I hunt mainly on public land, and was wondering if anyone knows if it is legal to use a muzzleloader to hunt squirrels with. I've got a 32 cal muzzleloader and would love try it out on a few squirrels. I know you can use a rimfire rifle/pistol to hunt with, but the rules don't mention blackpowder. Does this fall under the rule of rifle use until Oct 15? 
On a different subject, I took my Ruger Mark 2 pistol with me today, saw 6, shot at 3 and missed 3. Shooting at a squirrel is a bit different than shooting at paper! It was fun anyway, hopefully try and make it back out again this weekend. By the way, this seems like an interesting forum that I'm going to enjoy reading. Just found it today. I'm in London, Madison county.


----------



## Flathead King 06 (Feb 26, 2006)

well when specifically talking hunting small game this is what the state has posted...."Unless otherwise indicated, game may be taken with longbow, crossbow, or any caliber handgun, rifle, shotgun (10 gauge or smaller), or airgun.
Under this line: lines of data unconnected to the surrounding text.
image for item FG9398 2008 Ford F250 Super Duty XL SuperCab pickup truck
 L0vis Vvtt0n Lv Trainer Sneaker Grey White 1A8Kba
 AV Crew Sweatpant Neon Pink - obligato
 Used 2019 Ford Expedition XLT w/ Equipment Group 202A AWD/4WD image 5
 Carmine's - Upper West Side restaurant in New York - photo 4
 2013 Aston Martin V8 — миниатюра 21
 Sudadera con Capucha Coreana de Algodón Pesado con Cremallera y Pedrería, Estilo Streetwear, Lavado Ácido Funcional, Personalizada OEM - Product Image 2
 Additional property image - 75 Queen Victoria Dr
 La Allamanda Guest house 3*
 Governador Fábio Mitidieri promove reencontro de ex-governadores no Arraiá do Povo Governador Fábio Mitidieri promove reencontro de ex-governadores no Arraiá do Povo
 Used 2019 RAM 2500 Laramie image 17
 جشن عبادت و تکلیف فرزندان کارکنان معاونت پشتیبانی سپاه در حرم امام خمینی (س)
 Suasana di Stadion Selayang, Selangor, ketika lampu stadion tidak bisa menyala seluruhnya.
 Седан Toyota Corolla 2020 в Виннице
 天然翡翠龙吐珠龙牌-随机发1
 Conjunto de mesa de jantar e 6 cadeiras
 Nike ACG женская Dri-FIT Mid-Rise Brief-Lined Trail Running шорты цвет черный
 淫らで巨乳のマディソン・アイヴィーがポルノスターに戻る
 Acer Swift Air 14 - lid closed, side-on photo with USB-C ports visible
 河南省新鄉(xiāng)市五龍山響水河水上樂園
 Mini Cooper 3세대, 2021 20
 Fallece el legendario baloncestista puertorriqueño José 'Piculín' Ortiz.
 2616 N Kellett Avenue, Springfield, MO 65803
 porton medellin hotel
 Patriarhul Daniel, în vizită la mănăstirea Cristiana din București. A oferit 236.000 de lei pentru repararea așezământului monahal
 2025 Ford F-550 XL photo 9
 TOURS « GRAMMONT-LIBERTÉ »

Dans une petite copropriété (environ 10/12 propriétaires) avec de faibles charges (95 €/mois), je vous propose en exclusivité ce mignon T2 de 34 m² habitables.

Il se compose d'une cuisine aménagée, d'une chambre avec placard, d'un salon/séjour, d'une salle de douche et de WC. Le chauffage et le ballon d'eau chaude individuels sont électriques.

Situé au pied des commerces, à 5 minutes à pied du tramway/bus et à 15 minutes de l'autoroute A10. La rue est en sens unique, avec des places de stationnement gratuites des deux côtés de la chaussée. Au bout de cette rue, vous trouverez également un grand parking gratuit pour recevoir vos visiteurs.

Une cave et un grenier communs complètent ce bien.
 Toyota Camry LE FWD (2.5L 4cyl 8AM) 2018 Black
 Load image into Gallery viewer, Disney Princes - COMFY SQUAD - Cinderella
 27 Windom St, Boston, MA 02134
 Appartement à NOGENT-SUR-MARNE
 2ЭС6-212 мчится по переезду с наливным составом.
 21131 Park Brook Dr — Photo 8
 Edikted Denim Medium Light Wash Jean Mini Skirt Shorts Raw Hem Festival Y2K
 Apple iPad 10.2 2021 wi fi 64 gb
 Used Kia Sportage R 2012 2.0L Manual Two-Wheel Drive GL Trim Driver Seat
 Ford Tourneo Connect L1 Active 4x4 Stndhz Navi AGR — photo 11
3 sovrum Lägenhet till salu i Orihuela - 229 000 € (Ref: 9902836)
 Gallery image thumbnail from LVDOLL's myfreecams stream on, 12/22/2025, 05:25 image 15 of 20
Be safe and choose the appropriate method for the species."....so this clearly indicates unless the area you hunt has site specific laws regarding the caliber of rifle you can hunt with, it is legal for you to use your 32 cal muzzleloader....but I dont think it would be an "appropriate method for the species"...unless it is a muzzleloading shotgun

and considering what else you said "Does this fall under tyhe rule of rifle use until Oct 15?"....I think it just depends on where you're hunting...I know over here at CJ Brown no one can hunt the public hunting areas until after October 15th because it doesnt open to hunting until then....thats why you cant even turkey hunt it...

main thing to remember is to make sure there are no site specific laws/regulations regarding its use...


----------